▶ [WHAT IS BEING ASKED]
Without any pictures, restate the full set of records below exactly.

>>>>

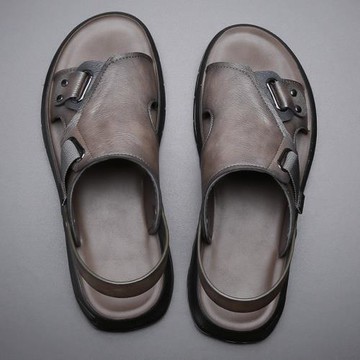 涼鞋男士夏季外穿開車男鞋子2025新款防滑軟底沙灘鞋休閑兩用拖鞋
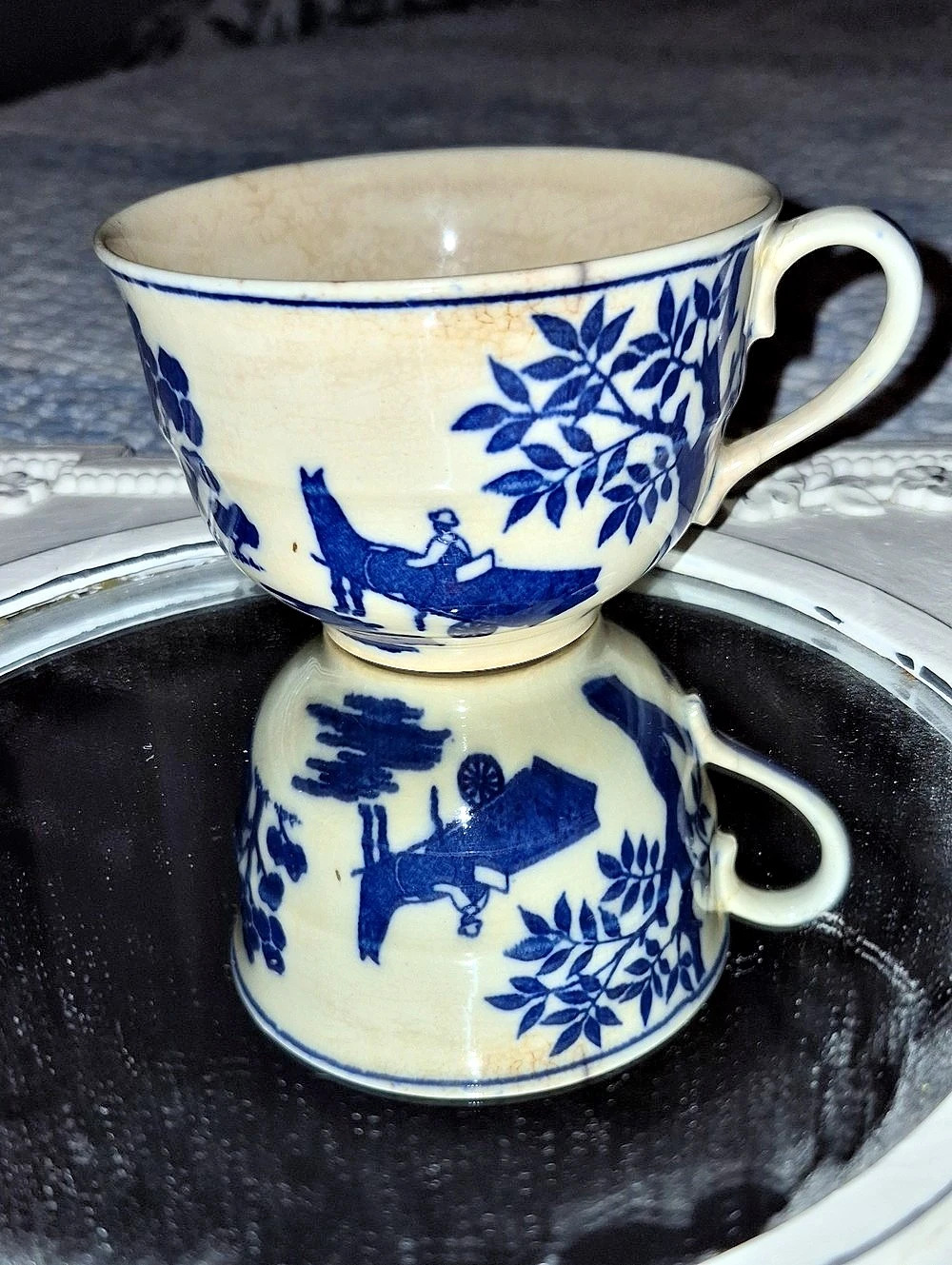 Vintage Nasco Lakeview Blue Floral Ceramic Cup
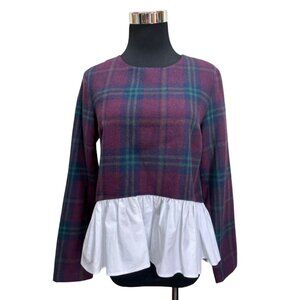 NWT English Factory High Low Long Sleeve Top Plaid Wool Blend Ruffle Sz S #q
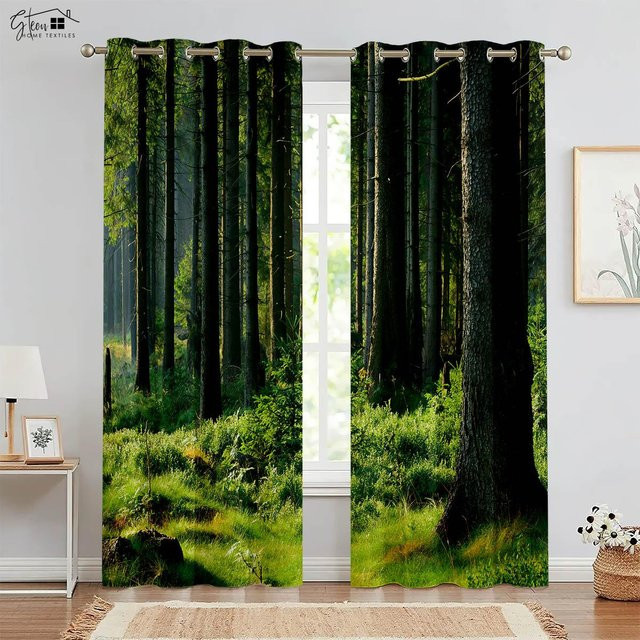 Yiran Furniture Vorhänge mit Natur Wald Landschaft Motiv in Grün, 2er-Set, B/H: 75 x 166 cm - Bild 1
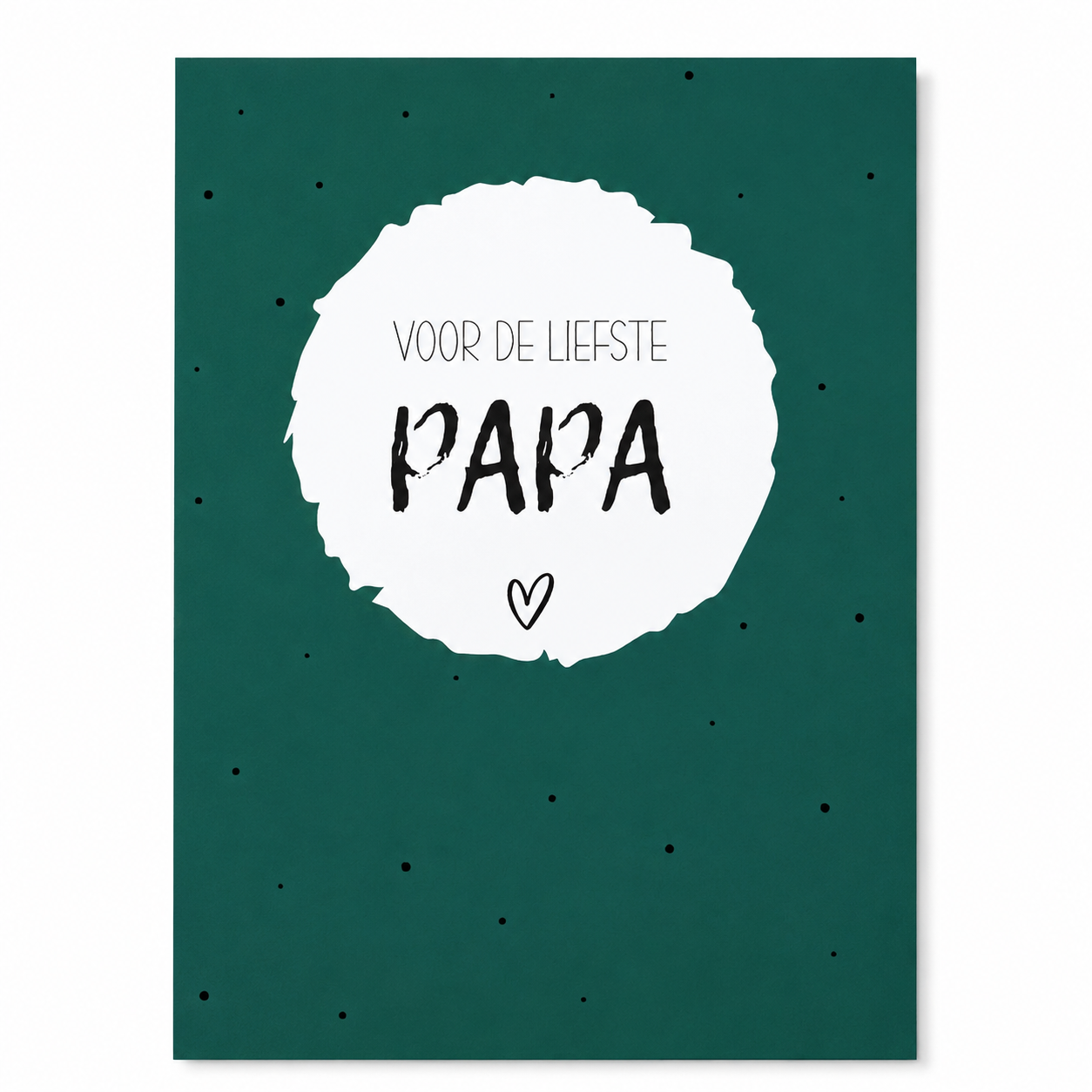 Wenskaart voor de liefste papa met groene achtergrond en witte cirkel, perfect als cadeau voor Vaderdag.
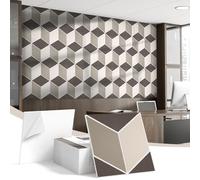 JBER 12Pack Acoustic Panels, Self-Adhesive Sound Proofing Panels for Walls, Decorative 3D Vision Textured Printing HD Sound Absorption Tiles for Recording Studio, Office, Home, 30×30×1cm, Camel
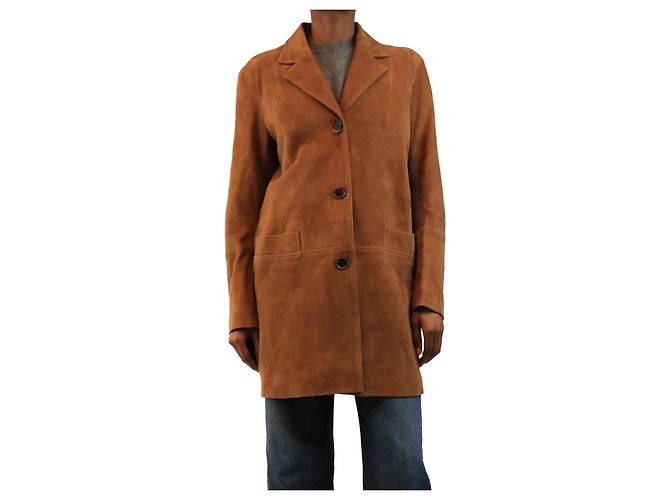 Dagmar Brown suede button-down coat - size UK 8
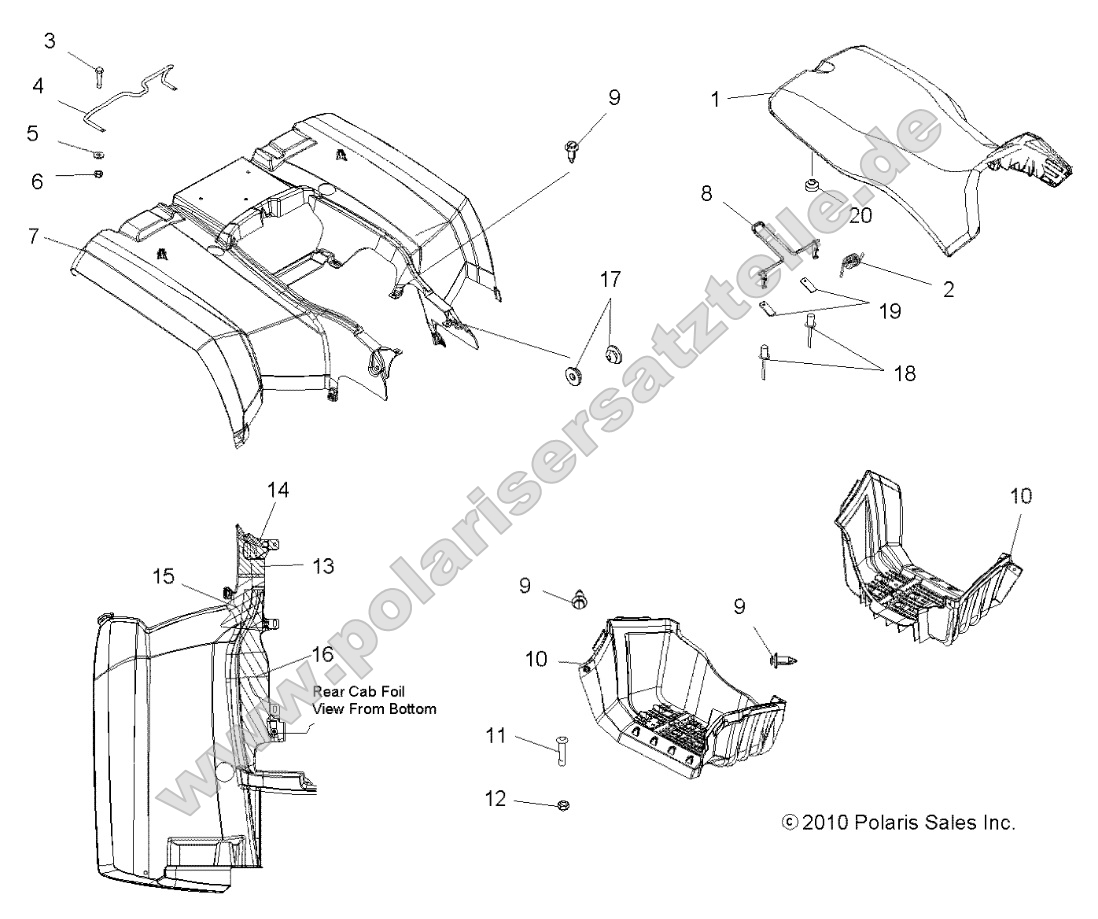 Body, Rear Cab, Seat and Footwells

<<<<

▶ [EXERCISE SOLUTION]
 涼鞋男士夏季外穿開車男鞋子2025新款防滑軟底沙灘鞋休閑兩用拖鞋
 Vintage Nasco Lakeview Blue Floral Ceramic Cup
 NWT English Factory High Low Long Sleeve Top Plaid Wool Blend Ruffle Sz S #q
 Yiran Furniture Vorhänge mit Natur Wald Landschaft Motiv in Grün, 2er-Set, B/H: 75 x 166 cm - Bild 1
 Wenskaart voor de liefste papa met groene achtergrond en witte cirkel, perfect als cadeau voor Vaderdag.
 JBER 12Pack Acoustic Panels, Self-Adhesive Sound Proofing Panels for Walls, Decorative 3D Vision Textured Printing HD Sound Absorption Tiles for Recording Studio, Office, Home, 30×30×1cm, Camel
 Dagmar Brown suede button-down coat - size UK 8
 Body, Rear Cab, Seat and Footwells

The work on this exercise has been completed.